★リバース辞郎★ 英辞郎の【Logophileバイナリ形式ファイル】を従来のテキスト形式に戻すためのツール

# coding=utf-8
#
# NOTE: Unfortunately the 英辞郎 maintainer seems to have stopped selling the
# Logophile version, apparently right after they found out that this
# conversion script had appeared... Hopefully it'll still be useful for those
# who already bought that version.
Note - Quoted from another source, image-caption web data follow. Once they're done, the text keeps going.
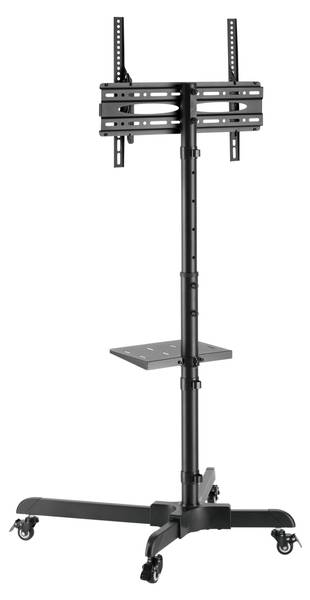 TV-Stand LUMFS23-44TW Schwarz - Stahl - 72 x 143 x 61 cm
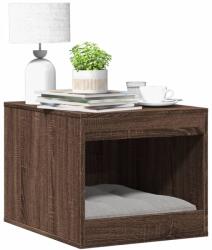 vidaXL barna tölgy színű szerelt fa macskaalomdoboz 47 x 59 x 42 cm (857766) - vidaxl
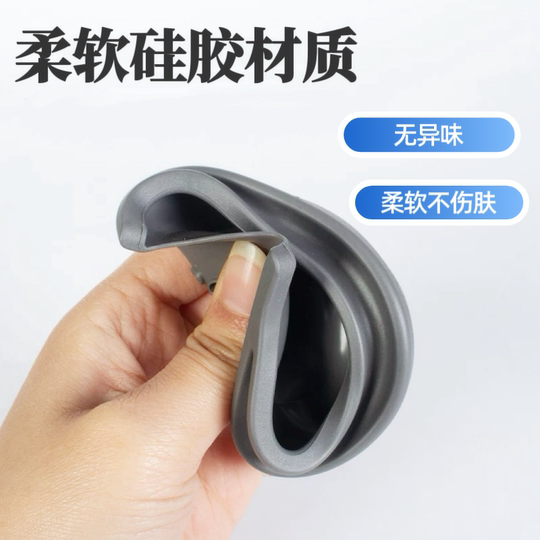 Barber shop ear-hanging ear muffs silicone oiling tool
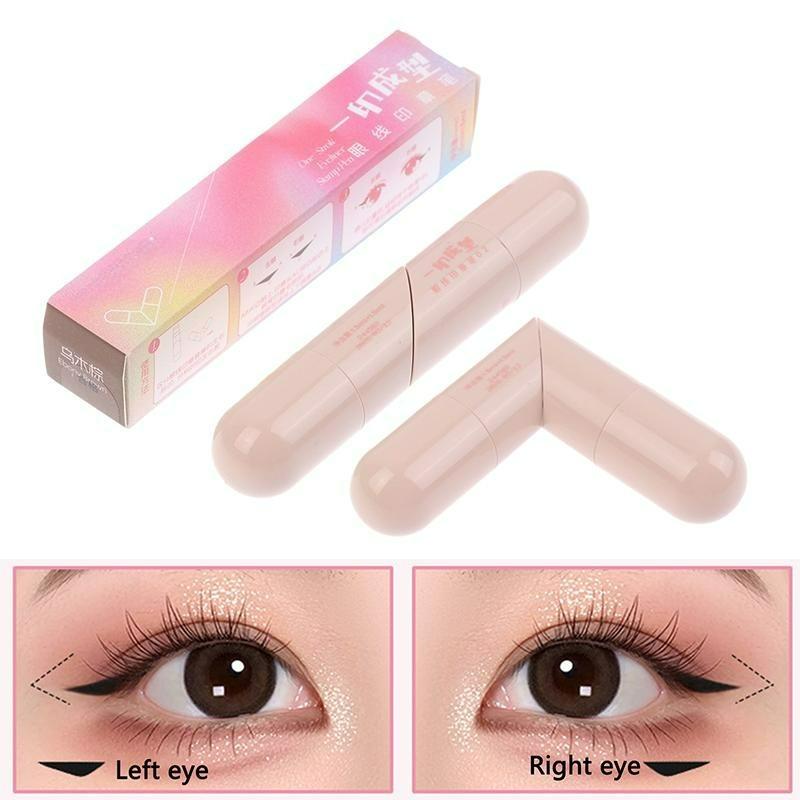 Eyeliner Stamp Integrated Eyeliner Stamp Precise Outline Signet Long-Lasting Eyeliner Liquid Pen Makeup Cosmetics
I wish I could do something about this
# person's misguided way of thinking, but I can't.
#
# ★リバース辞郎 by リバースくん★
#
# Eijiro/英辞郎 Logophile binary to plain text converter.
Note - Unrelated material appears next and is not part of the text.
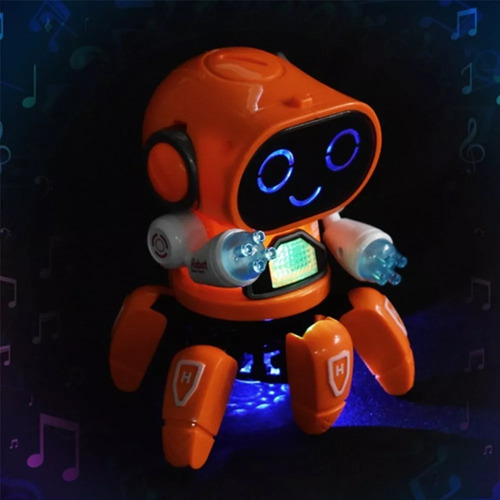 Juguete Robot Bailarín Con Luces Y Sonido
# 英辞郎の【Logophileバイナリ形式ファイル】を従来のテキスト形式に戻すためのツール。
# Version: 0.2
#
# Requirements: Python 2.7
#
# Usage: python lpb2txt.py [-h] [-v] lpbdir [outfile]
# Examples:
#   python lpb2txt.py C:\temp\eijiro-sample out.txt
#   python lpb2txt.py -v C:\temp\eijiro > eijiro.txt
#   python lpb2txt.py C:\Users\myname\Documents\eijiro | grep "reverse"
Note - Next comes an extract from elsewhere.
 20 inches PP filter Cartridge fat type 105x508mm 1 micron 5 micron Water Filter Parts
#   python lpb2txt.py "C:\Documents and Settings\me\My Documents\ei" temp.txt
#
# This is free software.
# You can use, modify and distribute it however you like.
# これはフリーソフトです。自由に使ったり、配布したり、変更したりすることができます。
#
#
# VERSION HISTORY
#
# V0.2 (08/20/2015)
# Fixed a bug with headwords containing '\' messing up regex
# that wasn't really necessary anyway.
# Processing time is over 3 times faster now.
#
# V0.1 (08/19/2015)
# Initial version
#
#
# 日本語の説明は？
# 残念ながら、こんな技術的な説明を日本語で書くのはちょっと複雑すぎるので、ご了承よろしくお願い致します。
# Google Translateとか英辞郎とかを利用して理解することができなくはないと思います。m(＿ ＿)m
#
# WHAT IS THIS?
# This is a proof-of-concept Python 2.x script for converting
# Eijiro/英辞郎 dictionary data back to the original text format
# from the Logophile binary format it is now exclusivaly
# distributed in.
#
# WHY MAKE THIS?
# No offense to the 英辞郎 maintainer, whose hard work we all very
# much appreciate, but once someone buys your dictionary data,
# they should be able to use it for personal use however they like,
# without getting locked into a specific software program.
#
# IS THIS A PIRACY TOOL?
# This script has absolutely nothing to do with piracy. It is
# meant for those who have legally purchased their 英辞郎 data in
# the new binary format, but for example want to convert it to
# EPWING for use with EBPocket or a similar program.
#
# IS THIS WELL-TESTED?
# No, this has NOT been extensively tested, but it seems to work OK
# with the freely-provided eijiro-sample files.
# Tested ONLY with Python 2.7 under Windows, and at this point
# NOT tested AT ALL with the full version of binary Eijiro&Ryakujiro/
# 英辞郎&略辞郎, nor with binary Reijiro/例辞郎 or Waeijiro/和英辞郎
# (which isn't even available yet).
# Thus, it is entirely possible that some data may accidentally get
# substituted out during conversion, so USE AT YOUR OWN RISK.
# And, if you're at all capable, please fix the bugs you find and
# share the improved code.
#
# HOW CAN I KNOW THIS WORKS BEFORE I BUY THE BINARY 英辞郎?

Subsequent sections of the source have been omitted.